# Web page caption snippets:
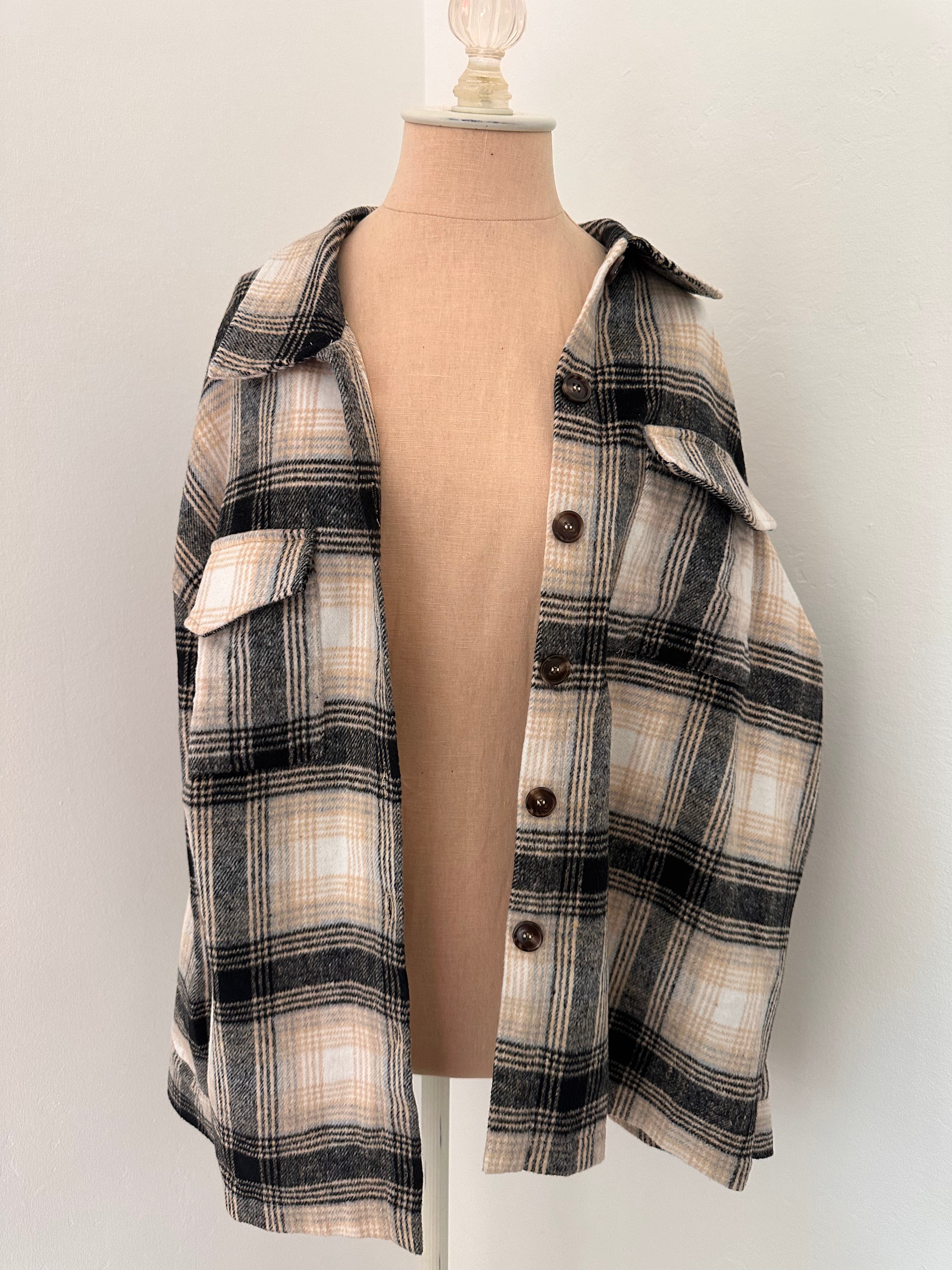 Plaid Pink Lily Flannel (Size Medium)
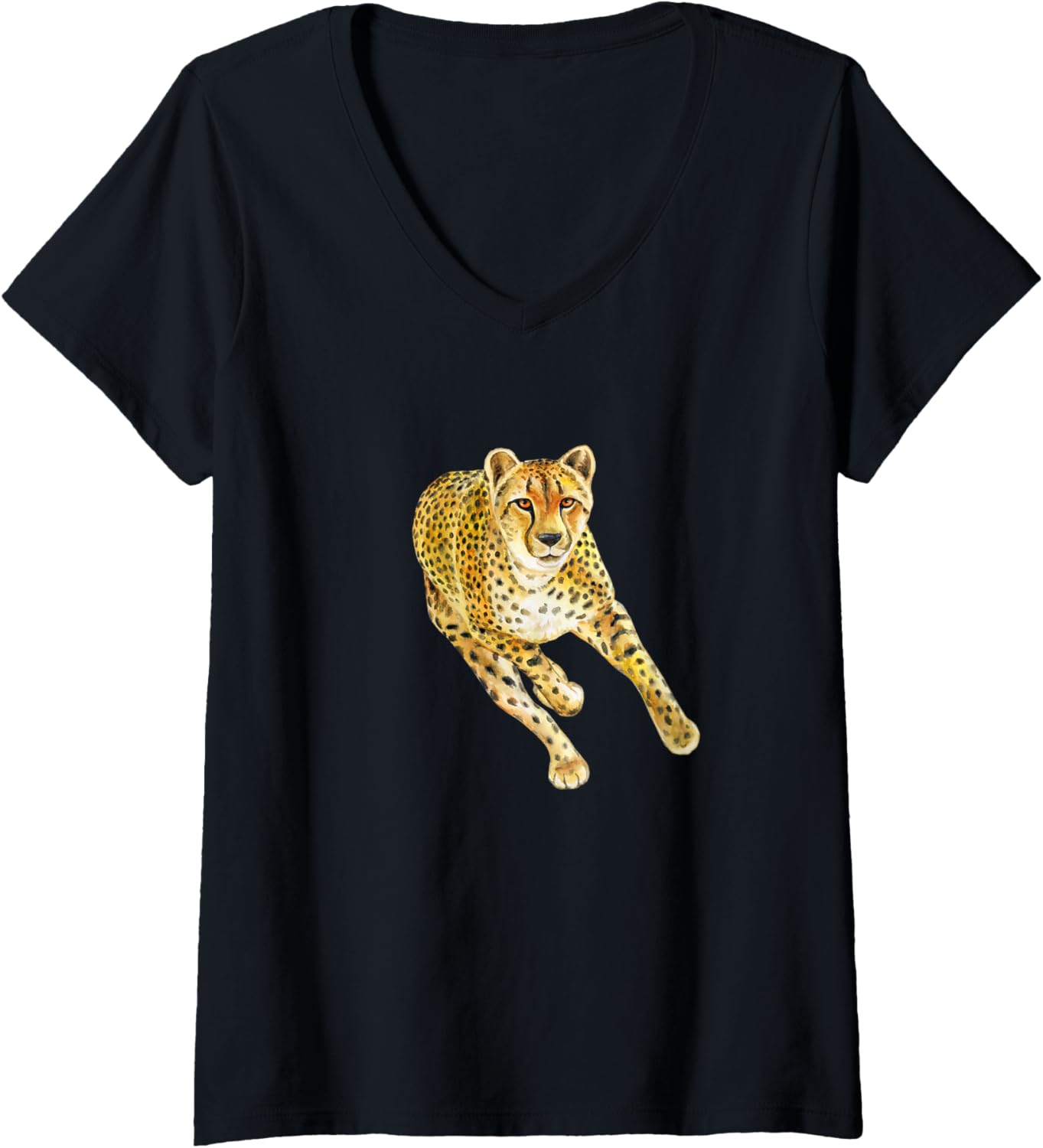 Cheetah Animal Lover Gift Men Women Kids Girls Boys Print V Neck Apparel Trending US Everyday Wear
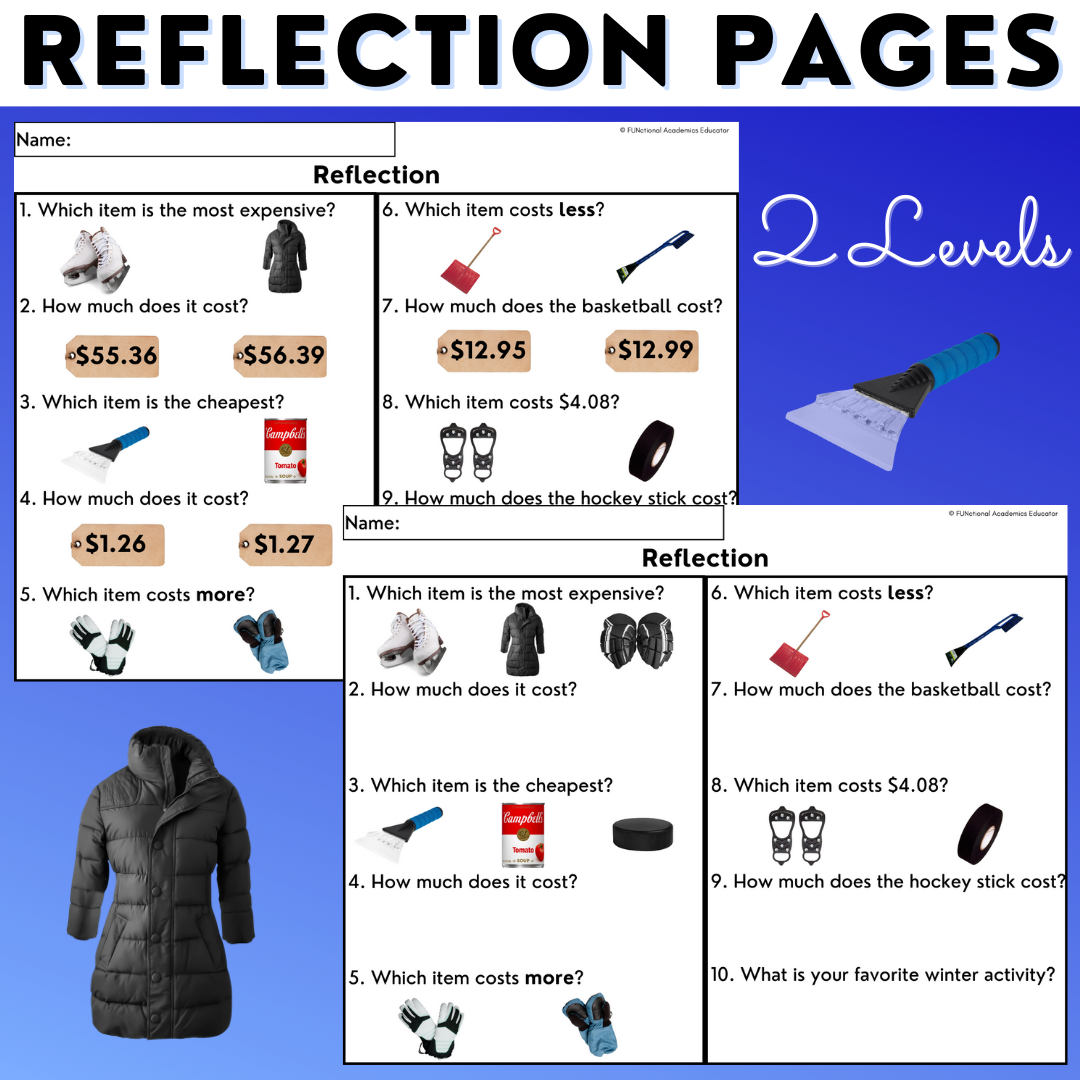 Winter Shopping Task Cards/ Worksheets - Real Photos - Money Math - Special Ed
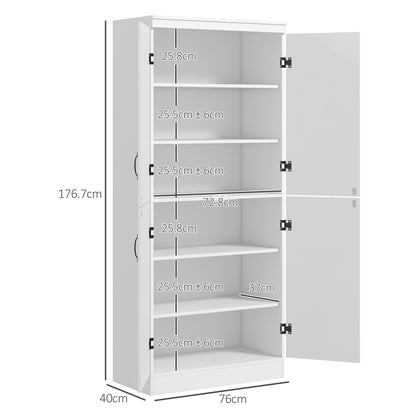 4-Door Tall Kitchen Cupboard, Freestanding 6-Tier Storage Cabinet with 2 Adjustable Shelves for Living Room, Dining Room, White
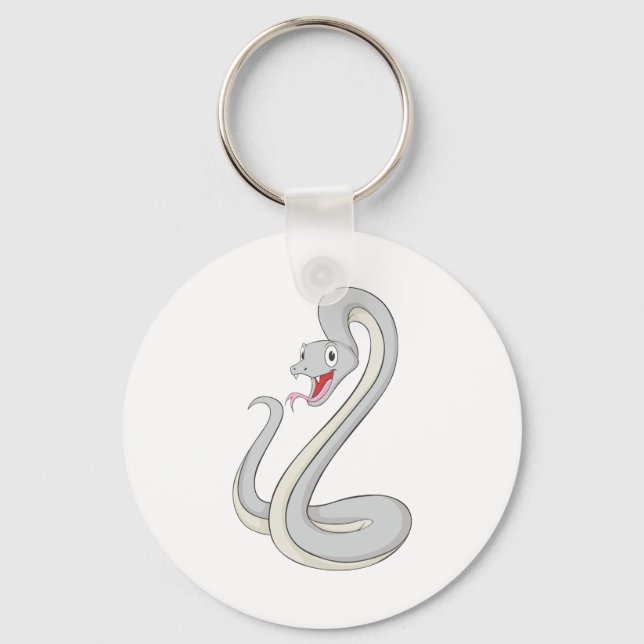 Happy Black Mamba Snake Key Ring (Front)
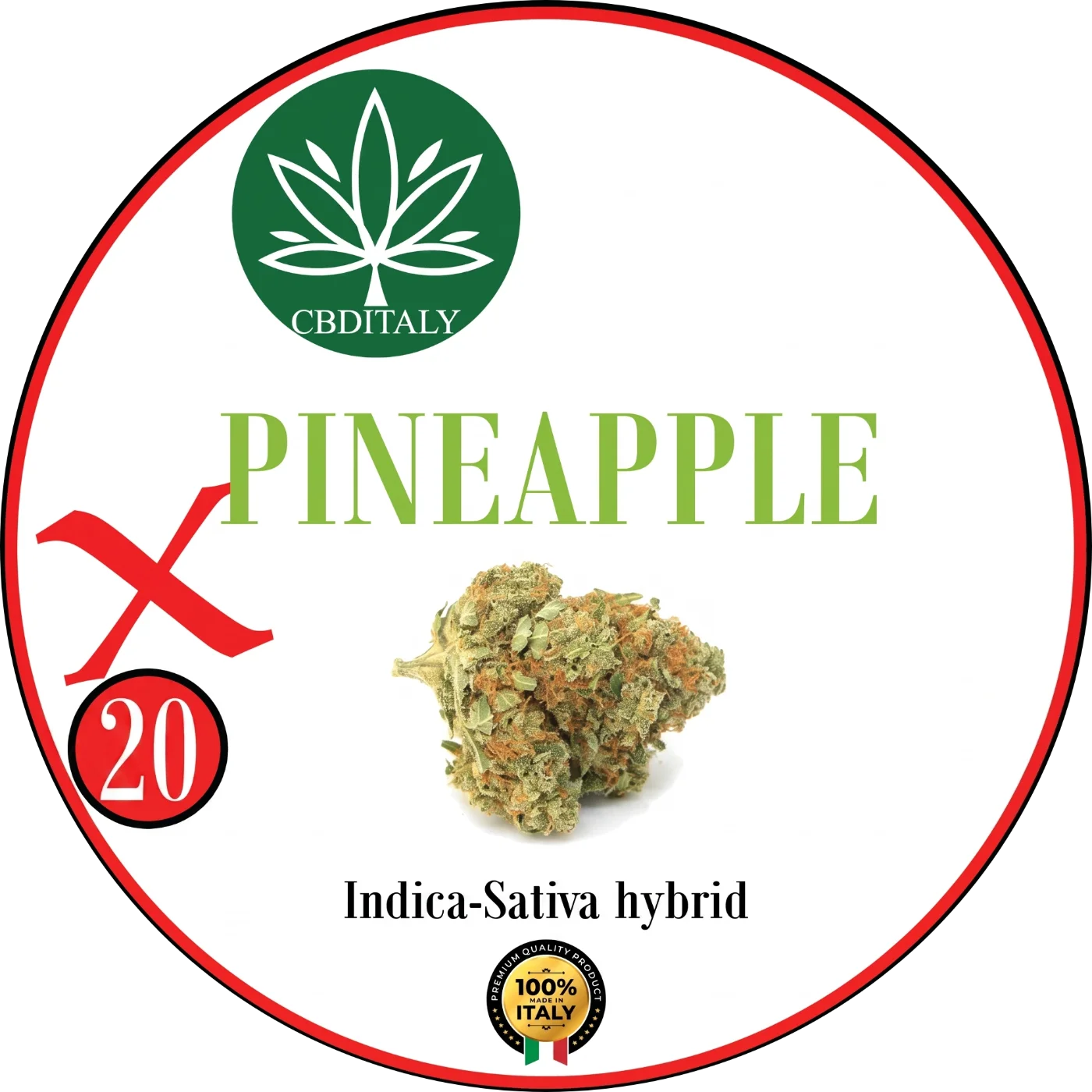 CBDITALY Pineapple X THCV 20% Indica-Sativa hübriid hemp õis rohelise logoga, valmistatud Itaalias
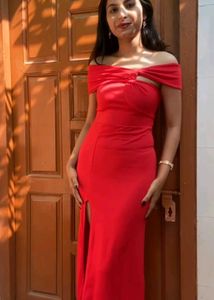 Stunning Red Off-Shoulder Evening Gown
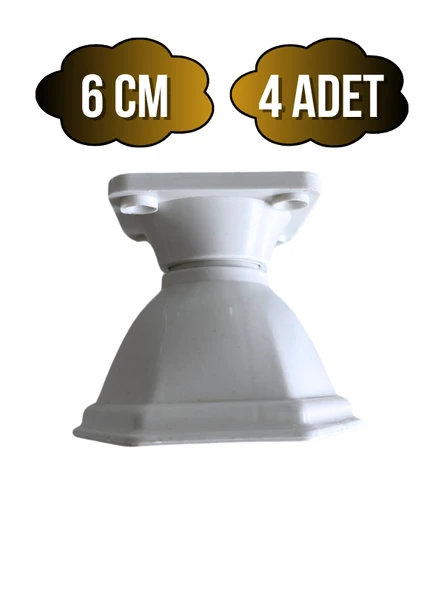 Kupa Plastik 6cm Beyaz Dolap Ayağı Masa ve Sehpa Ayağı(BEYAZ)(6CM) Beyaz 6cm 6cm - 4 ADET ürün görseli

# Exercise details:
Write out each line again, exactly as it appears above, except for any picture.

# Written solution:
 Plaid Pink Lily Flannel (Size Medium)
 Cheetah Animal Lover Gift Men Women Kids Girls Boys Print V Neck Apparel Trending US Everyday Wear
 Winter Shopping Task Cards/ Worksheets - Real Photos - Money Math - Special Ed
 4-Door Tall Kitchen Cupboard, Freestanding 6-Tier Storage Cabinet with 2 Adjustable Shelves for Living Room, Dining Room, White
 Happy Black Mamba Snake Key Ring (Front)
 CBDITALY Pineapple X THCV 20% Indica-Sativa hübriid hemp õis rohelise logoga, valmistatud Itaalias
 Stunning Red Off-Shoulder Evening Gown
 Kupa Plastik 6cm Beyaz Dolap Ayağı Masa ve Sehpa Ayağı(BEYAZ)(6CM) Beyaz 6cm 6cm - 4 ADET ürün görseli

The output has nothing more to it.